The results found that participants were more likely to feel fully immersed in the situation and even truly perceive threats when using a full-body avatar. The researchers concluded that a full-body avatar could improve educational outcomes in various environments, including police training scenarios.
By improving a user’s sense of presence in a virtual space, a full-body avatar could create higher levels of engagement. Countless companies are already struggling to preserve engagement in a world of hybrid and remote work.
When isolated from a traditional business environment, many employees feel disconnected and unable to connect with their colleagues and the content provided to them. Even video conferencing platforms don’t necessarily guarantee a high level of engagement.

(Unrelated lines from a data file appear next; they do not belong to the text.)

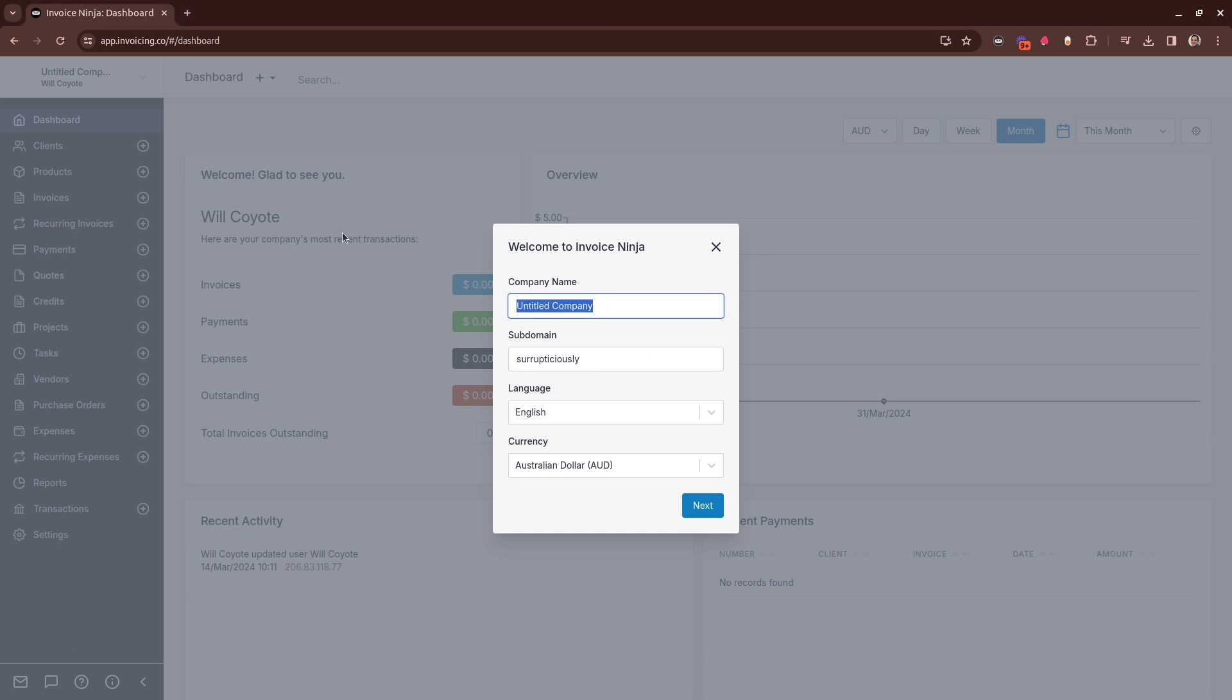The first is your company name. The second is your subdomain. The subdomain is part of the URL for your client portal, where your customer will view and pay for their invoices, so you can customize this as you wish.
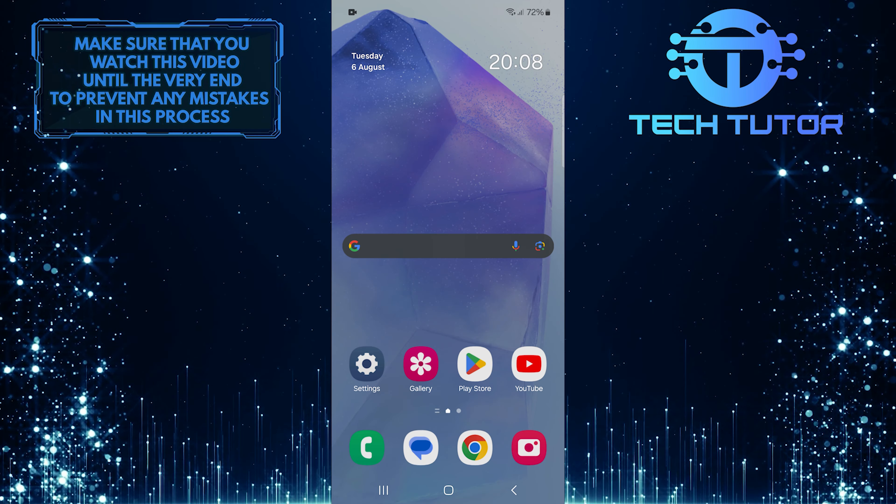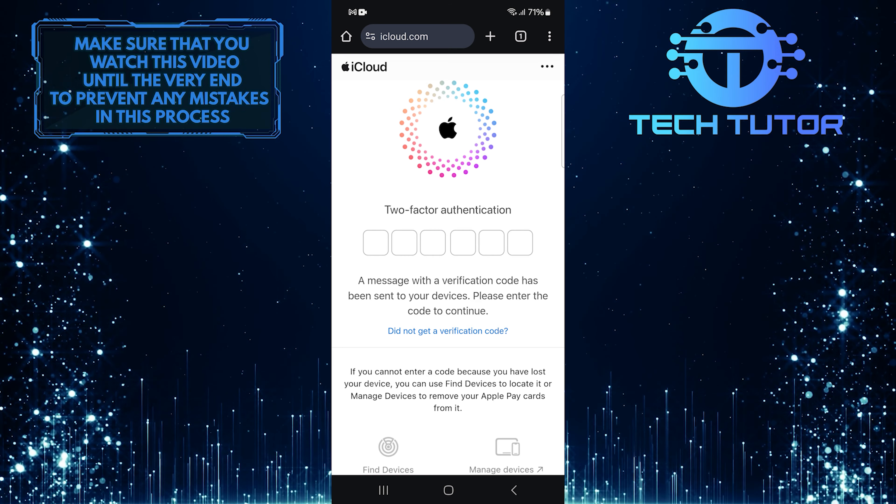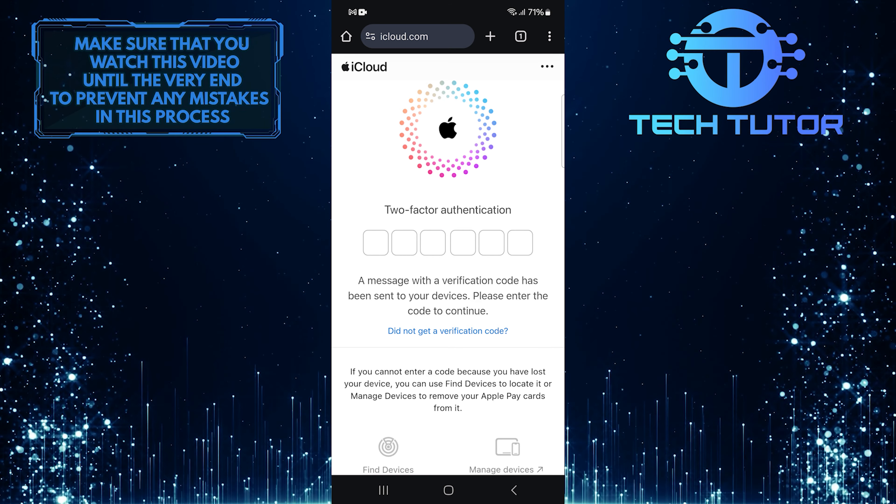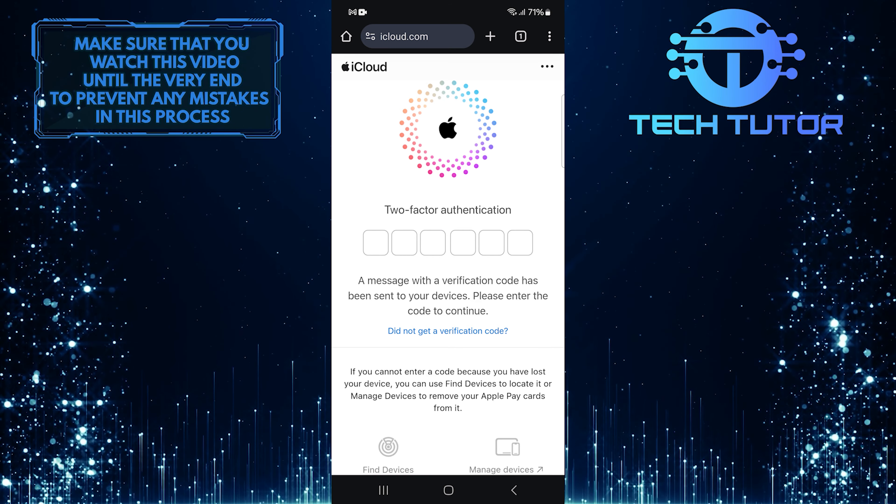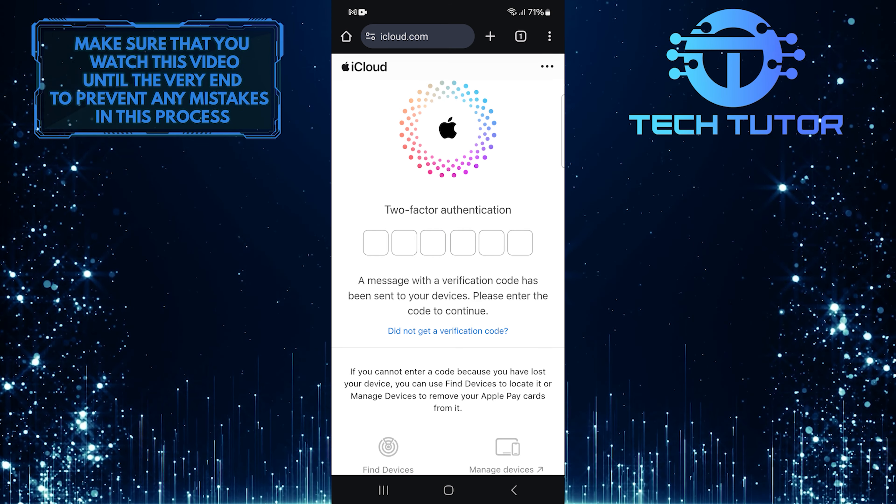For security purposes, Apple uses two-factor authentication. A code will be sent to one of your trusted devices linked to your Apple ID. Enter that code in the designated field here. If you're using a personal device and want easier access next time, you can tap Trust. This way, you won't have to enter a verification code every time you log in through this browser.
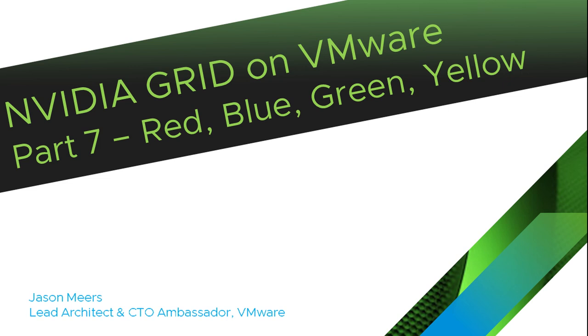Hi, I'm Jason Mears and this is NVIDIA Grid on VMware Part 7: Red, Blue, Green and Yellow VMs.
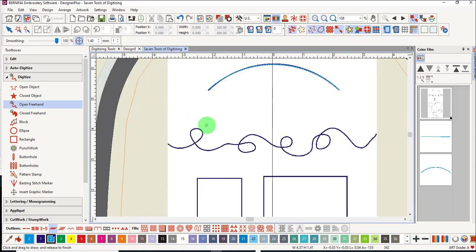The open freehand tool is hard to use with a mouse. It's easiest to use with a pen and tablet, and it's also easiest to work without artwork in the background. To use the tool, just click and drag to form the line.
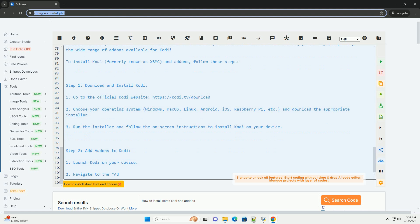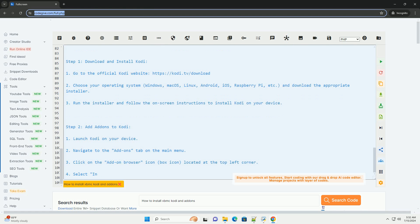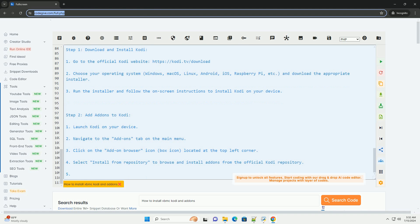Step 4: Install add-ons from zip file. Download the add-on zip file from a trusted source to your device. Go back to the add-on browser and select install from zip file. Navigate to the location where you saved the zip file and click on it to install the add-on.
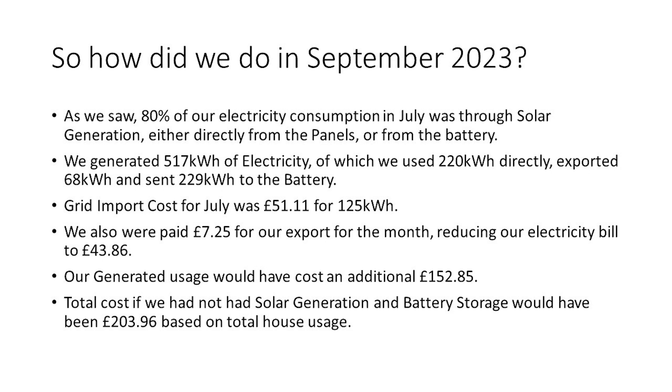In total, for the year to date, we've generated 5 MWh of electricity, of which we've used 4.1 MWh and exported 1.2 MWh. Our grid import total is 1.6 MWh, which is a little over a third of our typical grid import for the same period last year before we had the solar panels and battery storage in place.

However, providing employees with a fully immersive experience where they can fully “embed” themselves into a digital space is another story entirely. Full-body avatars could help reduce distractions and disengagement in the workplace, leading to higher productivity levels.
How to Create a Full-Body Avatar
So, how can employees create a full-body avatar they can send into the metaverse? Right now, the options are a little limited. As mentioned, few companies are experimenting with true “full body avatars” that can replicate human movement.

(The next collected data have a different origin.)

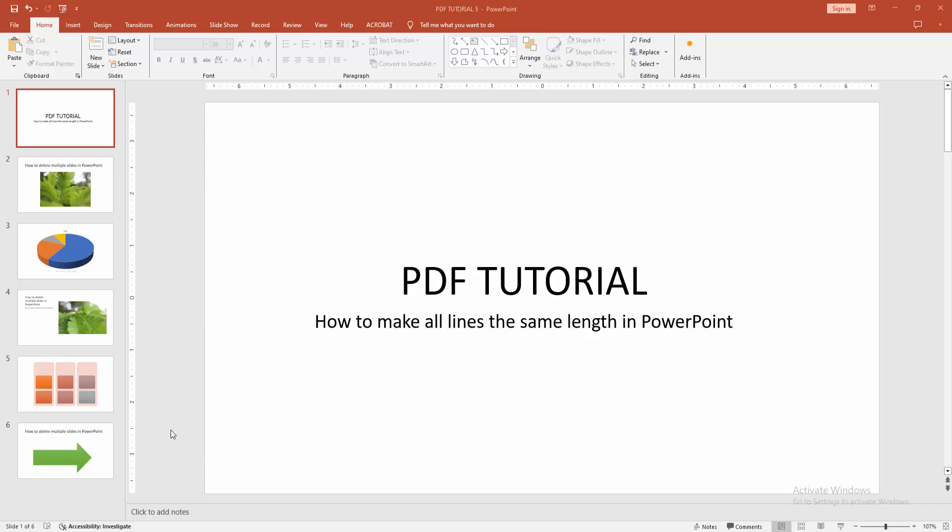Assalamualaikum, hello friends, how are you? Welcome back to another video. In this video, I'm going to show you how to make all lines the same length in PowerPoint. Let's get started.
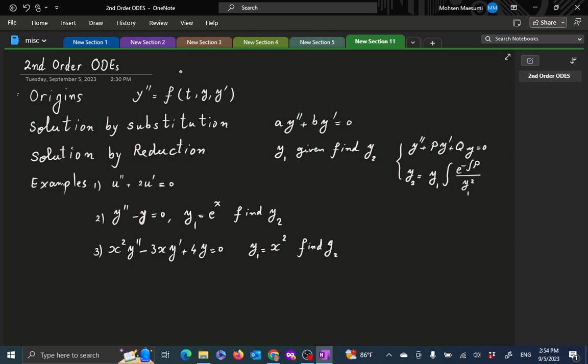Welcome to Ordinary Differential Equations. Today we are going to start the second order ODEs. First, a few words about the origin of the set of problems, then we are going to look at some very special solution methods: solution by substitution and solution by reduction. And then in the next section, we are going to look at more general settings.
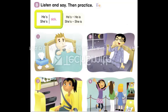Page 6. B. Listen and say, then practice. He's sick. She's sick. He's — He is. She's — She is. 1. He's sick. 2. He's tired. 3. She's bored. 4. She's excited.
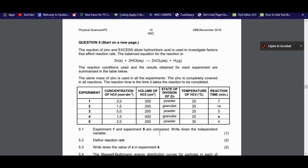Question 5.1: experiments one and five are compared — write down the independent variable. The independent variable is the variable which is not dependent on anything else. Looking at experiments one and five: the concentrations are the same, the volume of HCl is the same, the state of zinc is the same (both powder). However, the temperature of HCl for experiment one is 25°C but for experiment five is 35°C, and reaction times are seven minutes and four minutes respectively.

But there are a few options, even without waiting for Meta to perfect its avatars. For instance, Spatial, the VR platform for artists, now offers a full-body avatar option within its app. It allows users to bring avatars from “Ready Player Me” to their virtual worlds.
Ready Player Me uses photos to create realistic-looking full-body avatars for games, with hundreds of customization options. When designing, you can even choose your body type, height, and other characteristics.
Outside of Ready Player Me and Spatial, Union Avatars, a company committed to the metaverse, also unveiled a full-body avatar creation tool. Similar to the Ready Player Me option, this company uses photos to reconstruct virtual versions of users in 3D.
New innovators, from Vroid Studio, the 3D modelling software that allows users to create custom avatars for games and videos, to Wondershare’s DemoCreator, are constantly emerging. DemoCreator is a Mac and Windows program enabling users to develop AI avatars for videos and streaming.
Are Full Body Avatars the Future?
It still seems we’re a while away from the “full-body avatar” becoming the norm in the metaverse. Companies still need to figure out how to track full-body movements effectively or use AI solutions to predict them.
Plus, there are various ethical issues to sidestep as developers introduce more “comprehensive” avatars into the digital space. However, full-body avatars could make the metaverse more enjoyable and exciting if we can overcome these challenges.
For businesses in particular, the full-body avatar could be the key to unlocking better levels of engagement, immersion, and productivity in distributed teams. At the very least, it might help to minimize the feelings of distortion we feel when traversing virtual environments today.